BEGIN THE DATA

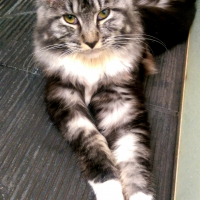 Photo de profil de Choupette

END THE DATA
BEGIN THE DATA

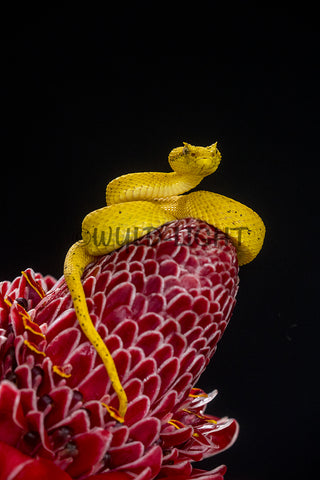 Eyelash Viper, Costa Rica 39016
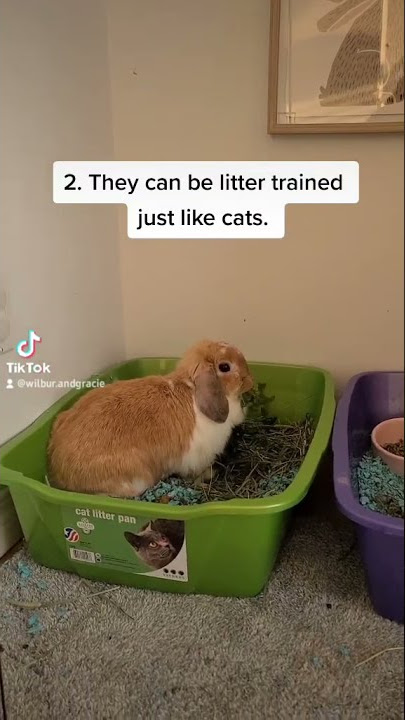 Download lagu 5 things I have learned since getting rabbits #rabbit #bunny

END THE DATA

Copy the lines above between the one holding "Eyelash Viper, Costa Rica 39016" and the one holding "Download lagu 5", inclusive. Drop the pictures.

RESULT FOR THIS EXERCISE ▸
 Eyelash Viper, Costa Rica 39016
 Download lagu 5 things I have learned since getting rabbits #rabbit #bunny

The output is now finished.